ELLSWORTH — Negotiations to hire Interim City Manager Glenn Moshier in a dual role combining the police chief and city manager positions is moving forward, City Council Chairman Dale Hamilton said on Dec. 29.
“We’re still negotiating, there’s no final decision on how the position will be structured,” Hamilton said, noting there wasn’t “much in the way of new information.”
The new ad hoc group Citizens Acting for a Responsible Ellsworth would still like to hear more, calling for more transparency.
“The complaint is strictly over the process,” said group member Jon Stein, co-owner of Fogtown Brewing Co. and vice president of Heart of Ellsworth’s board of directors. “I think as a city manager [Moshier] would have great communication and move the city in the right direction.” But, he added, Moshier’s qualifications don’t necessarily match those of a city manager and the council “sidestepped” the application process when it turned to Moshier to fill the position.

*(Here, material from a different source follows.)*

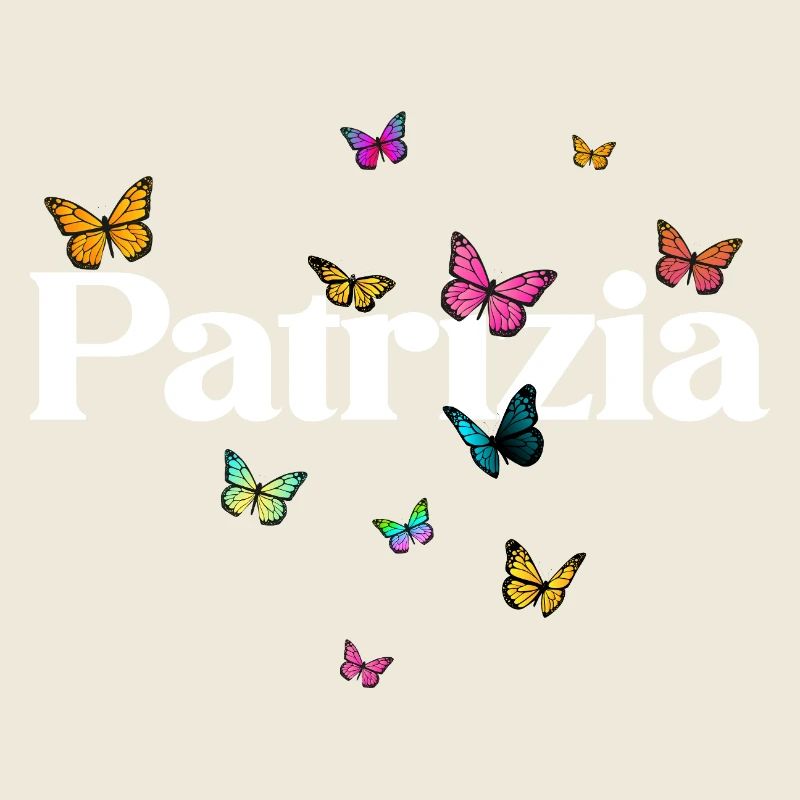 Schöner Mädchenname mit Schmetterlingen PATRIZIA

The ad hoc citizens group submitted a letter to the council and local media asking that the search be reopened and the process kept transparent. It also requests that any offer to Moshier be rescinded and his interim city manager role extended. Lastly, the group is asking for a guarantee that the city manager and police chief positions be filled by separate individuals. The group has held two recent meetings, with 11 to 12 members attending, Stein said, and started a Facebook page.
“The council will certainly take all this feedback into consideration as we move forward,” Hamilton said.
Moshier, Ellsworth’s police chief, was named interim city manager in September after the retirement of former city manager David Cole. The city then hired consultant Don Gerrish of Eaton Peabody to handle the search process. An Oct. 21 public forum about the search for a new city manager drew few citizens and no emailed public comments, Hamilton pointed out.
At the forum, Gerrish said, “We will be making the announcement of who the finalists are so the public will have an opportunity to know who they are and to maybe talk with councilors if you have any input into the finalists.”
Hamilton said that the search-and-hire process was outlined by Councilor Heather Grindle, with public copies made available, and the plan did not include a public meeting with final candidates.
“The public input phase is the one [that is] important to collect feedback from the public,” he noted.
The hiring search netted 18 applicants. Five were selected for interviews but two of them pulled out, leaving three candidates from which a final candidate was selected. That final candidate then withdrew during negotiations.
The council then turned to Moshier in lieu of reopening the search, noting information from Gerrish that multiple city and town manager positions were vacant across the state.
“It’s part of the process,” Hamilton said.
Negotiations are expected to continue during a Jan. 7 special council meeting in an executive session closed to the public, as allowed for personnel discussions under Maine law. The council’s monthly Jan. 11 meeting “will be the first opportunity” for the council to vote on a contract, Hamilton said.